Didier Ménard
Médecin généraliste
J’ai souvent écrit dans la revue Pratiques pour relater mon travail à la cité du Franc-Moisin, j’ai beaucoup parlé de ma passion pour l’exercice de la médecine générale en quartier populaire et de mon admiration pour la population de la cité qui, face à la souffrance sociale, témoigne d’un grand courage et fait vivre des valeurs de solidarité. Nous avons construit un centre de santé communautaire dont je suis très fier. Aujourd’hui, six médecins généralistes, quatre médiatrices en santé, une musicothérapeute, une équipe d’accueil et de gestion œuvrent tous les jours au cœur de la cité pour permettre la continuité des soins et la promotion de la santé. Cette association, c’est l’aboutissement d’un projet, c’est l’utopie de croire que nous pouvons, dans ces quartiers de relégation, construire une alternative à la société de l’individualisme et du tous contre tous, c’est l’engagement au service de l’espoir d’une autre société.
Alors que nous avions surmonté au premier semestre 2017 les habituelles difficultés pour continuer à exister, cet été, la brutale décision du gouvernement de M. Édouard Philippe de réduire le budget de la politique de la ville et de ne pas renouveler les emplois aidés nous condamne à cesser notre activité si nous ne pouvons pas garder nos six emplois aidés en 2018.
Nous avons toujours proclamé que ces emplois éphémères n’étaient pas adaptés au travail pérenne des associations de proximité dans les quartiers populaires. Nous nous sommes adaptés à un mauvais système pour pouvoir continuer à bien travailler. Dire aujourd’hui que ces emplois sont « inefficaces et coûteux » est une trahison, c’est faire preuve d’une terrible ignorance quant à l’importance du travail et c’est ne pas comprendre que plus nous tissons du lien social, plus nous permettons l’accès aux soins et plus nous diminuons les dépenses sociales et de santé.
Les personnes qui occupent ces emplois trouvent difficilement du travail dans le privé parce que ces emplois n’existent pas. Quel gâchis de les licencier alors qu’elles portent avec détermination et compétence le projet de nos associations, à savoir entretenir les liens entre des personnes fragilisées et les aider à trouver des solutions à leurs difficultés. Ce sont de belles personnes, elles ont souvent eu un parcours de vie chaotique et ont trouvé au sein de nos équipes les moyens de redonner du sens à leur vie. Mais cette richesse-là ne compte pas parce qu’elle n’est pas une marchandise.

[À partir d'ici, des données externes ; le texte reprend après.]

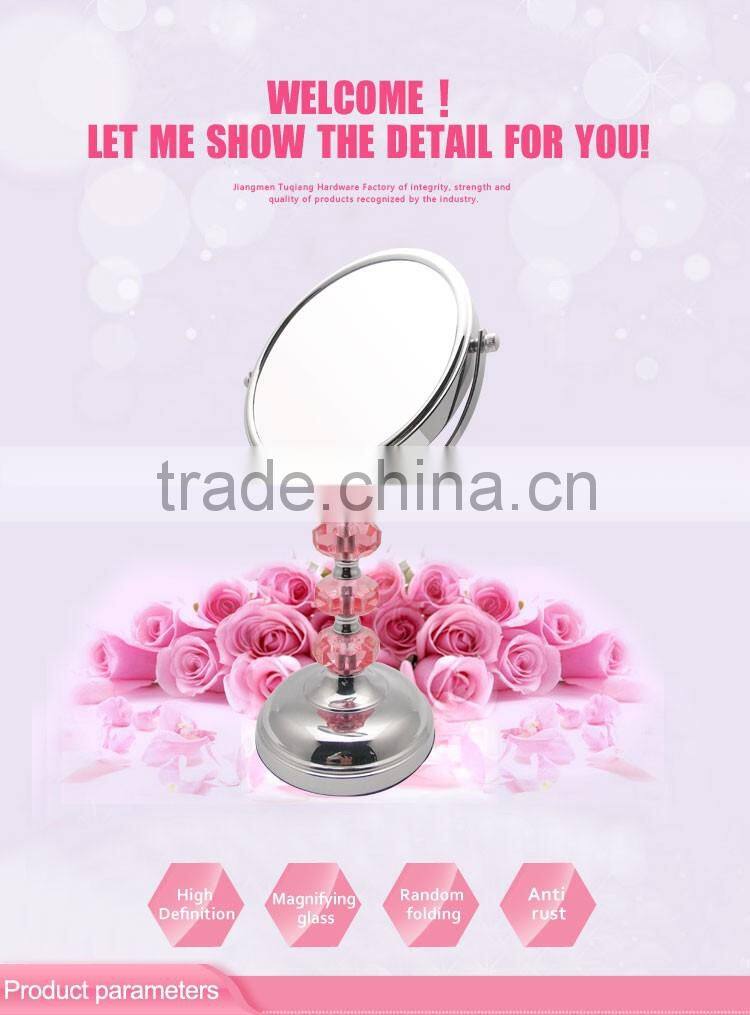 Double sided pink acrylic cosmetic mirror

Pourquoi faut-il toujours avoir à faire la preuve que soigner ceux qui souffrent le plus dans notre société nécessite un peu de considération de la part des gouvernants ? Nous, qui travaillons au quotidien pour compenser l’incurie des institutions, ne sommes pas une ligne budgétaire ni une statistique économique, nous sommes une réalité dans la vie des gens, là où notre société est la plus inégalitaire.
Ce gouvernement méprise les quartiers populaires, c’est son choix, mais en nous le signifiant de cette façon brutale, il nous met en colère. Les habitants de notre cité en ont assez d’avaler des insultes et cette colère pourrait bien gronder prochainement.